O Rex Gentium

“O King of all the nations, the only joy of every human heart; O Keystone of the mighty arch of man, come and save the creature you fashioned from the dust.” (O Antiphon for Dec 22nd)

Of all the titles of Christ given in these antiphons, I find the notion expressed in today’s antiphon the most difficult to see my way clear to. The others all seem to allow a kind of "religious" perspective to them – “light” and “wisdom” and other even more abstract ideas. I don’t mean by that to contrast the obvious political character of the idea of King of nations against "religion" as if religion were a non-political aspect of life – nothing could be further from the truth. In fact, I do not see how political life can be lived apart from religion, and political approaches that seek to marginalize religion cannot suppress "religion" itself, but only religious virtues and particular religious character – leaving an impoverished shell in place that is not some kind of non-religion, but a caricature of religion, set in the service of the prevailing ideology. No society is possible without some kind of shared framework of values and belief.
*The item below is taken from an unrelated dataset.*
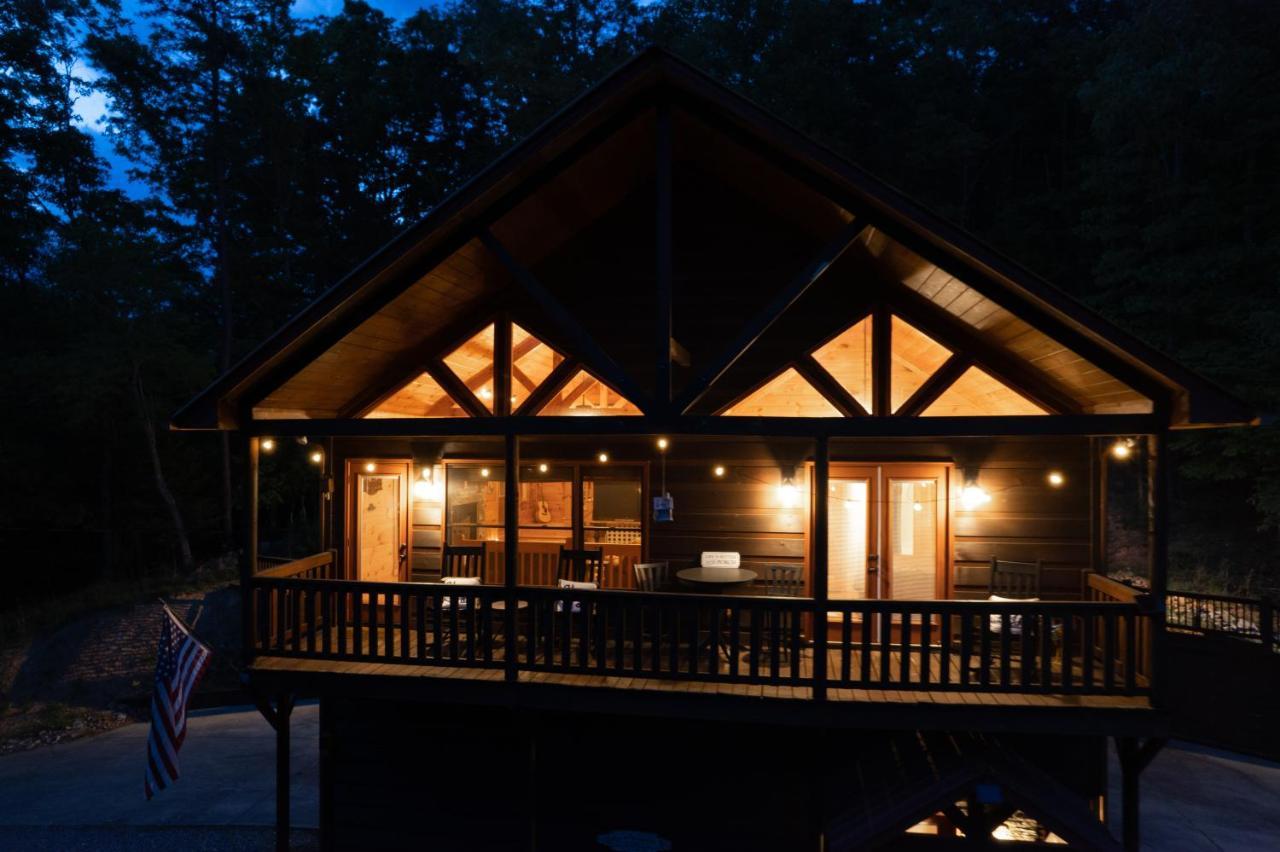 إليجاي Trout N' About Your Blue Ridge Mountains Retreat, Hot Tub + Game Room! المظهر الخارجي الصورة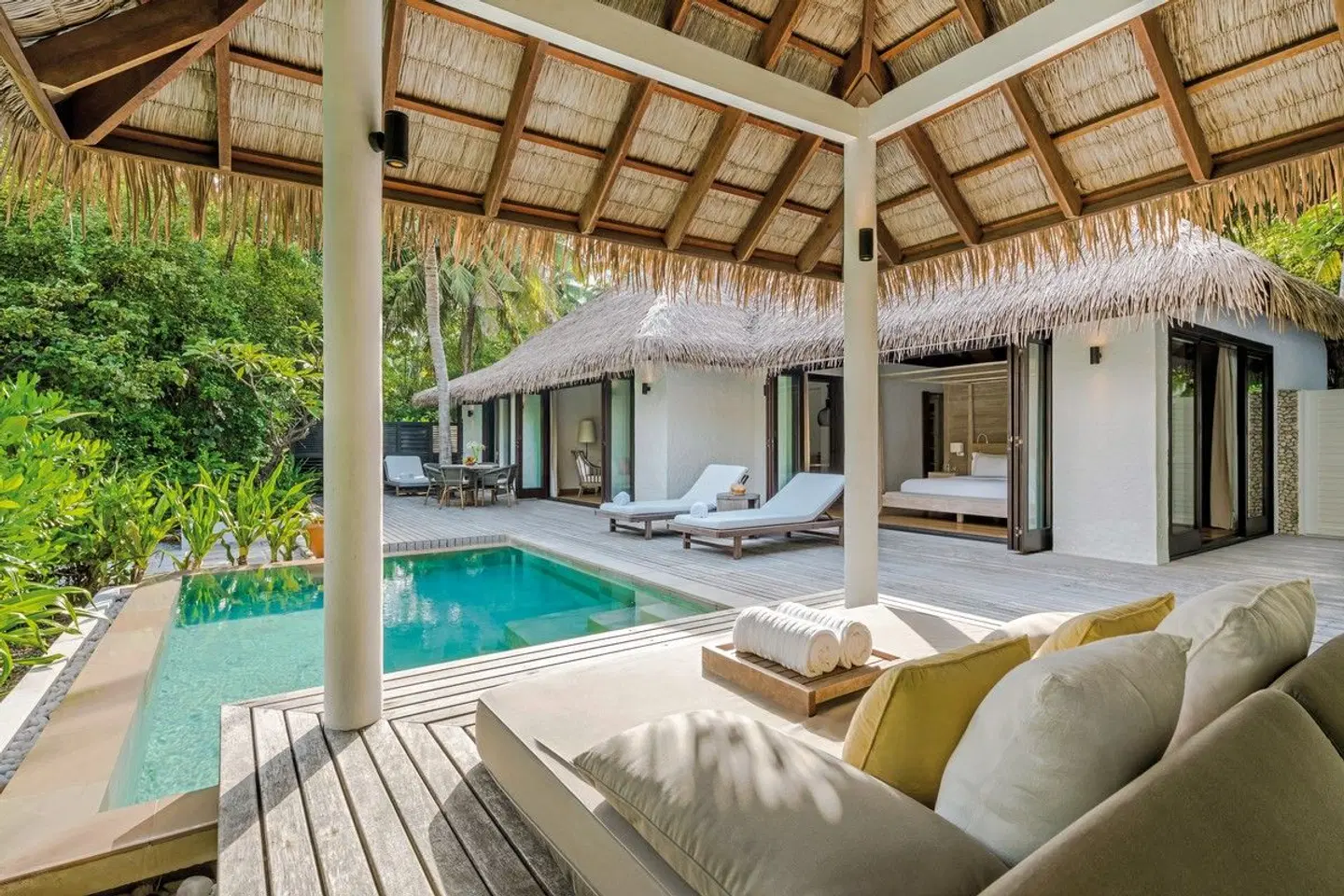 COMO Maalifushi Hallenbad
Instead, what I mean by the "religious perspective" of the first five titles in the sequence is almost the same thing as their political potentiality. What I mean is that they can be viewed as possessing some particular meaning, in some way, to a people to whom they appear not to be addressed. What I mean is that there are ways to see them in a less-than-catholic, less-than-universal light. That’s simply not the case with the antiphon today.

In proclaiming Christ "King of all the nations," there is only a total, subject "us" to be found; there is no "them." In this view, there is really only one relationship of true otherness, and that is the relationship between God and His People – and even that is transcended in Christ, as we explicitly celebrate in tomorrow’s antiphon.